Probabilistic-bit Guided CDCL for SAT Solving using Ising Consensus Assumptions

2026-05-05Cryptography and Security

Cryptography and SecurityLogic in Computer Science
AI summary

The authors explore a new way to solve Boolean satisfiability problems by combining a traditional solver (CDCL) with a special probabilistic sampler called a p-bit Ising sampler. This hybrid approach tries to guide the solver by suggesting promising variable assignments, aiming to reduce the amount of searching needed. Their tests show that this method can significantly cut down conflicts and computations for specific types of problems, though it doesn’t always help for all problem types. They also used a machine learning method to predict when this hybrid approach would be useful, potentially avoiding unnecessary extra work.

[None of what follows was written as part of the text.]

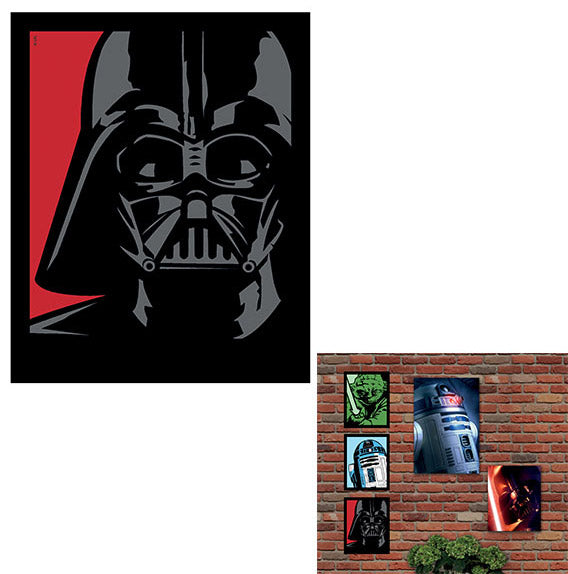 Quadro Luminoso Star Wars-Darth Vader Sm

Boolean satisfiability (SAT)CDCL (Conflict-Driven Clause Learning)p-bit Ising samplerprobabilistic samplingconflict analysisBoolean propagationrandom 3-SATmachine learning gatingrandom forest
Authors
Melki Bino
Abstract
Boolean satisfiability (SAT) solvers are widely used in hardware verification, cryptanalysis, automatic test-pattern generation, and side-channel reasoning workflows. Modern conflict-driven clause-learning (CDCL) solvers are highly effective, but satisfiable instances may still require substantial conflict analysis and Boolean propagation before identifying productive regions of the search space. This paper studies a hybrid SAT-solving framework in which a probabilistic-bit (p-bit) Ising sampler proposes high-agreement literals that are passed to CDCL as temporary assumptions. The goal is not to replace CDCL, but to evaluate whether stochastic low-violation samples can reduce CDCL internal search effort while retaining correctness through CDCL fallback. On selected controlled-backbone random 3-SAT benchmarks, the hybrid method reduces median conflicts by 80.8-85.5% and median propagations by 80.2-84.6% relative to pure CDCL. The observed benefit is distribution-sensitive, suggesting that p-bit guidance is effective only for certain instance classes. We further report exploratory machine-learning gates that estimate when hybrid solving is likely to help. On the selected run, a random-forest gate retains 94.8% of hybrid wins, indicating that lightweight gating may help avoid unproductive hybrid calls.